The basic premise of the game is that you want to have a hand value that is closer to 21 than that of the dealer, without going over 21. Other players at the table are of no concern. Your hand is strictly played out against the hand of the dealer. The rules of play for the dealer are strictly dictated, leaving no decisions up to the dealer. Therefore, there is not a problem with the dealer or any of the other players at the table seeing the cards in your hand. Indeed, if you’re playing at a shoe game, the player cards are all dealt face up. In any event, when you’re just learning to play, don’t hesitate to show the dealer or other players your cards and ask questions.
Values of the cards
In blackjack, the cards are valued as follows: An Ace can count as either 1 or 11, as demonstrated below. The cards from 2 through 9 are valued as indicated. The 10, Jack, Queen, and King are all valued at 10.
The suits of the cards do not have any meaning in the game.
The value of a hand is simply the sum of the point counts of each card in the hand. For example, a hand containing (5,7,9) has the value of 21. The Ace can be counted as either 1 or 11. You need not specify which value the Ace has. It’s assumed to always have the value that makes the best hand. An example will illustrate: Suppose that you have the beginning hand (Ace, 6). This hand can be either 7 or 17. If you stop there, it will be 17. Let’s assume that you draw another card to the hand and now have (Ace, 6, 3). Your total hand is now 20, counting the Ace as 11. Let’s backtrack and assume that you had instead drawn a third card which was an 8. The hand is now (Ace, 6, 8) which totals 15. Notice that now the Ace must be counted as only 1 to avoid going over 21.

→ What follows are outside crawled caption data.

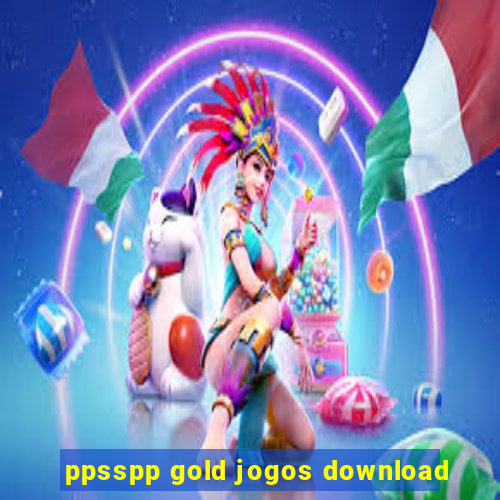 ppsspp gold jogos download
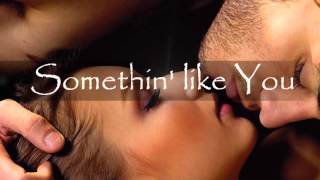 Something like you (Lyrics) - Nsync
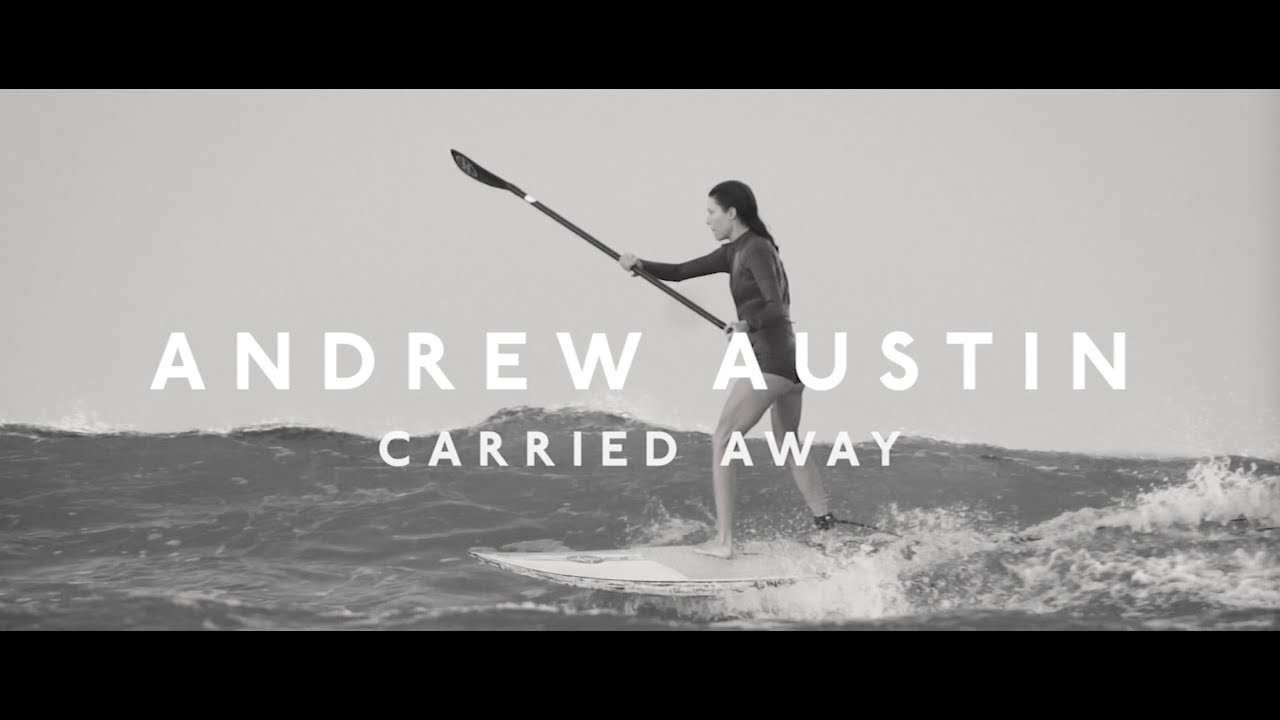 Andrew Austin - Carried Away (Official Video)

A hand that contains an Ace is called a “soft” total if the Ace can be counted as either 1 or 11 without the total going over 21. For example (Ace, 6) is a soft 17. The description stems from the fact that the player can always draw another card to a soft total with no danger of “busting” by going over 21. The hand (Ace,6,10) on the other hand is a “hard” 17, since now the Ace must be counted as only 1, again because counting it as 11 would make the hand go over 21.